Przyjacielem się jest gdy jest kolorowo i nim się jest gdy się wszystko wali
Przyjaciel przed przyjacielem otwiera serce, on je przed nim wręcz wylewa
Jezus stał się człowiekiem - przyjacielem
Co to znaczy? Że po drugiej stronie mojej modlitwy JEST ZAWSZE OSOBA, są ludzkie
uczucia, nieskażone grzechem, czyli uczucia ludzkie dobre
Jezus Cie kocha SERCEM Z CIAŁA
I relacje z nim się tworzy modlitwą serca
Czyli 3,4,5 minut przed snem poświęcam, żeby przed nim wylać to serce, żeby je przed nim
otworzyć i żeby go do tego serca zaprosić
I co się zaczyna dziać, jak ci się otwiera serducho?

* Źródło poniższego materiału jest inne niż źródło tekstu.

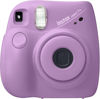 Picture of Fujifilm Instax Mini 7+ Camera, Easy to Operate, Portable, Handy Selfie Mirror, Polaroid Camera, Perfect for Beginners and Experts, Sleek and Stylish Design - Lavender (Renewed)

Ano dobro w nim zaczynasz widzieć. I dostrzegasz taką pieczątkę na tym sercu. Jaką
pieczątkę, Monika co ty za farmazony gadasz? Ano pieczątkę, którą Ci Pan Bóg postawił,
jak Cię stworzył. Pieczątkę miłości swojej. I tej pieczątki się nie da usunąć. Nawet
apostazją? Nawet apostazją.
Ale no dobra Monika, jak ja się tak modlę to ja mam rozproszenia ciągle, no nie mogę się
skupić.
Rozproszenia? To jest treść modlitwy. A może to są właśnie sprawy, które ci się z serca
wyrywają w tą modlitwę. Powiedz Mu o tych sprawach. No nie róbmy ze swojego serca
złotej klatki na intencje. Człowiek się modli treścią serca, tym czym żyje. Serce się modli, a
nie głowa i formuły. Zamień te rozproszenia na intencje. Jak nie wiesz o co prosić, to go
ZAPROŚ. Albo nawet lepiej, nie proś, tylko ZAPROŚ.
Jezus nie będzie o tych sprawach trąbił jak media, tylko jak lekarz ci je zoperuje.